Exercise details:
Could you write out, exactly and with no pictures, every line from the one containing "PA license plate MHX3423" through the last line of the entries?

Excerpted data:
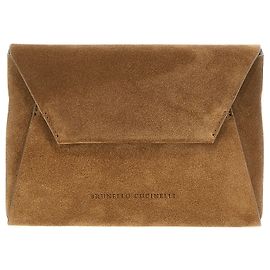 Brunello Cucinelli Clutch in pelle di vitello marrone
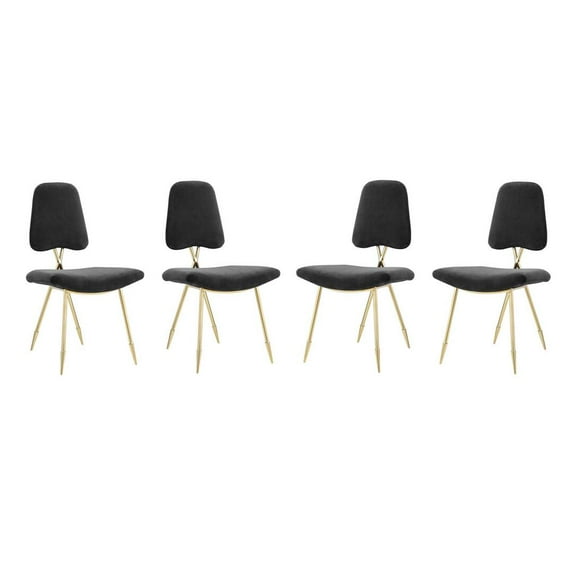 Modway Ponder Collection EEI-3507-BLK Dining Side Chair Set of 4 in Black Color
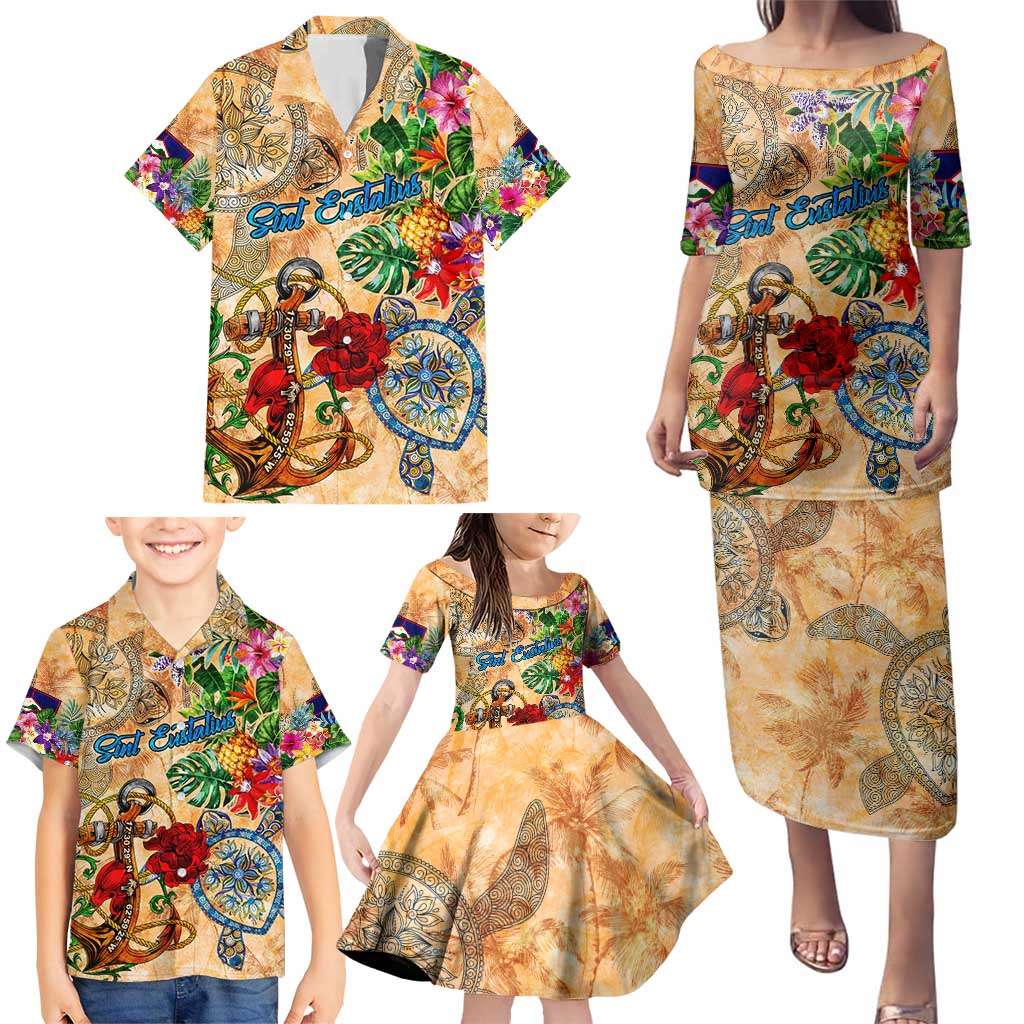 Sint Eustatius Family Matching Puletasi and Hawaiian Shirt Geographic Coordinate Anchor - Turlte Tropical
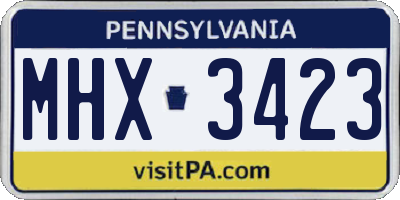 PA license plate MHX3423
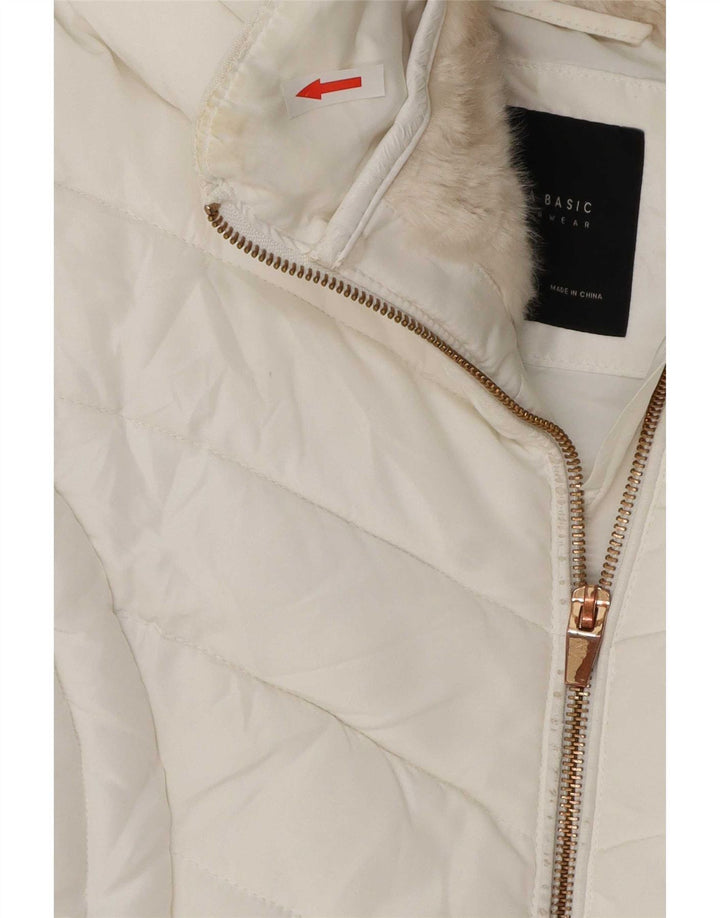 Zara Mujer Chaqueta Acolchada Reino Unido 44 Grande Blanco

Solution to this problem:
 PA license plate MHX3423
 Zara Mujer Chaqueta Acolchada Reino Unido 44 Grande Blanco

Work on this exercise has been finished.